Wind-Power Also Comes With Environmental
Costs
Oct 06 - Portland Press Herald
At the center of the back-and-forth between the Maine Public Utilites
Commission and warring engergy developers is a question of whether
industrial sized wind farms are really feasible in Maine.
Wind power is often seen as Maine's chance to contribute to reducing
carbon emissions and to take advantage of its potential of becoming the
"Saudi Arabia of wind."
Members of a trade mission led by Gov. Baldacci to Spain and Germany
last month talked about developing 8,000 megawatts of wind power in
Maine, both on and off shore, by 2030.
That would be roughly 10 times the capacity of the former Maine Yankee
nuclear power plant in Wiscasset. To move that much electricity from
remote areas to markets in southern New England, power companies would
have to build a system of transmission lines unlike anything we have
ever seen here.
According to a study by ISO New England, operator of the regional power
grid, building those lines would cost up to $29 billion, a cost which
would be shared by utility rate payers througout the region.
Maine would certainly benefit from that much investment, and wind power
will be a valuable comodity if, as expected, carbon emitting power
sources will become more heavily regulated by climate-change laws.

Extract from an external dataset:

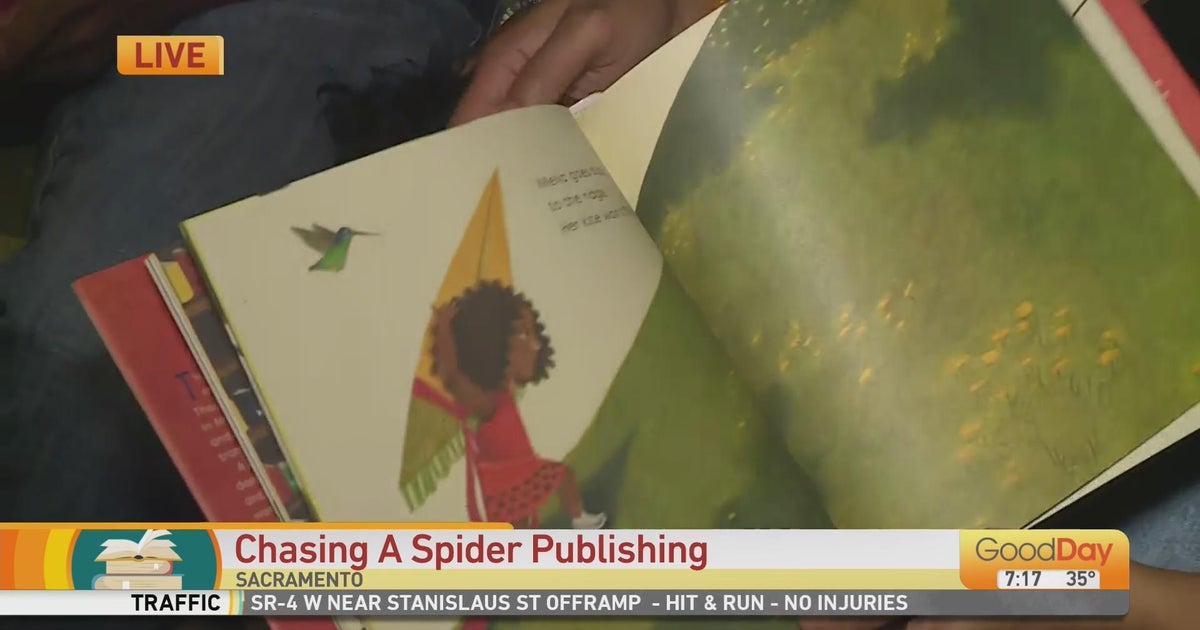 Chasing a Spider Publishing - Good Day Sacramento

The transmission line issue is not news to the PUC or to state and
industry leaders who are promoting wind-power development in Maine. But
it may come as a surprise to a sizable portion of the public who see
wind power as a clean form of energy that comes with little or no
environmental cost.
The point is not that wind is a bad choice for Maine, but that, like
every other power source, it comes with costs. In addition to the
benefit that would come from zero carbon emissions and independence from
foreign oil, there would also be the impact of massive transmission
lines throughout the state.
That trade-off should be part of the wind-power debate in Maine.